Meeting myself is what made it possible for me to reverse the tide of self-destruction. To be seen and heard by own self as well as the people who hold my best interests at heart. To expand in a safe space unapologetically, affirming my own worth. To take hold of the worst and darkest of places within me to the best of my being. All of it. Not to turn away from pain but melt it with tenderness.

Fast forward to now, my inner child is able to say, “sit with me” to:

See me.

Feel me.

Be with me.

Meeting ourselves is to pause and move with the arising that happens within us. Whether we want to step forward or take two steps back, it’s about meeting ourselves where we are at right now. There is no rushing, forcing, or getting ourselves over with. It’s the nurturing and nourishment we’ve been searching for all along.

Returning to ourselves is the realest act of self-love we can ever do and a powerful way to honor ourselves. It is a blessing that has saved me from my own hell and, for what it’s worth, I hope others come to realize this too.

And if anything, I want to leave off with three key things that helped me find my way:

Clarity. How clear are we about ourselves when it comes to who we are, our needs, and our deepest desires? What happens within and around us? How do we set our intentions so that every action reflects our values, who we are, and what we envision for our life?

Connection. How much do our actions make us feel alive? When do we pause and listen to our bodies so we’re not headless chickens running the race? What do we do to cultivate ourselves when loneliness lurks around the corner?

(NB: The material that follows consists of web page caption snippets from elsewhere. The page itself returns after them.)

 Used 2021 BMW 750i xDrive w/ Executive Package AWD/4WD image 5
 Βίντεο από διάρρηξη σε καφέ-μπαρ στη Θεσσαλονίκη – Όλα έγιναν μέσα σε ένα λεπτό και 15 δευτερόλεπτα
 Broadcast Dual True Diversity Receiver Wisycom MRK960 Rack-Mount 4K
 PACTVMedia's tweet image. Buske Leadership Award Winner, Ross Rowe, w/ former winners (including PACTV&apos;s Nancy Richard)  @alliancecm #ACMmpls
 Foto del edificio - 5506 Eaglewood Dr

Consistency. What habits are really serving us? What patterns come up and what exactly keeps us flowing? How do we advocate for ourselves every time we are met with resistance?

If we took a step back from our lives, what is the common thread of it all? What gets us to succeed over and over again when we are trapped? Where is our state of being and what do we do?

My point in all this is—sit with it. Witness the unique relationship we have with clarity, connection, and consistency.

Our answers are nowhere else but inside. We can distract ourselves with all we want. All the addictions and temptations to avoid ourselves, but at the end of the day, our “self” is always there waiting to be met.